First, a laser pulse stimulates the single atom to emit a single photon. In this process, internal degrees of freedom of the atom are coupled to the polarisation of the photon, so that both particles become entangled. The photon is transported through a 30 m long optical fibre into a neighbouring laboratory where it is directed to the BEC. There, it is absorbed by the whole ensemble. This process converts the photon into a collective excitation of the BEC. “The exchange of quantum information between photons and atomic quantum systems requires a strong light-matter interaction”, explains Matthias Lettner, a doctoral student working on the experiment. “For the single atom, we achieve this by multiple reflections between the two resonator mirrors, whereas for the BEC the light-matter interaction is enhanced by the large number of atoms.”
In a subsequent step, the physicists prove that the single atom and the BEC are really entangled. To this end, the photon absorbed in the BEC is retrieved with the help of a laser pulse and the state of the single atom is read out by generating a second photon. The entanglement of the two photons reaches 95 % of the maximally possible value, thus showing that the entanglement of the two atomicquantum systems must have been equally good, or even better. Moreover, the entanglement is detectable for approximately 100 microseconds.
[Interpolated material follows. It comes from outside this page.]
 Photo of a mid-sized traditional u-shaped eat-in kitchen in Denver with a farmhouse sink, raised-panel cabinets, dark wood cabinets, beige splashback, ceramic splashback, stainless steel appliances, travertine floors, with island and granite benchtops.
“A BEC is very well suited as a quantum memory because this exotic state does not suffer from any disturbances caused by thermal motion”, says Matthias Lettner. “This makes it possible to store and retrieve quantum information with high efficiency and to conserve this state for a long time.”
In this experiment, the team of Professor Rempe has realized a building block for a quantum network consisting of two remote, entangled, stationary nodes. This is a milestone on the way to large-scale quantum networks in which, for example, quantum information can be transmitted absolutely safe. In addition, such networks might help realizing a universal quantum computer in which quantum bits can be exchanged with photons between nodes designed for information storage and processing.
More information: M. Lettner, et al., “Remote Entanglement between a Single Atom and a Bose-Einstein Condensate,” Physical Review Letters, Advance Online Publication, 26 May 2011. DOI:10.1103/PhysRevLett.106.210503
Abstract
Entanglement between stationary systems at remote locations is a key resource for quantum networks. We report on the experimental generation of remote entanglement between a single atom inside an optical cavity and a Bose-Einstein condensate (BEC). To produce this, a single photon is created in the atom-cavity system, thereby generating atom-photon entanglement. The photon is transported to the BEC and converted into a collective excitation in the BEC, thus establishing matter-matter entanglement. After a variable delay, this entanglement is converted into photon-photon entanglement. The matter-matter entanglement lifetime of 100 μs exceeds the photon duration by 2 orders of magnitude. The total fidelity of all concatenated operations is 95%. This hybrid system opens up promising perspectives in the field of quantum information.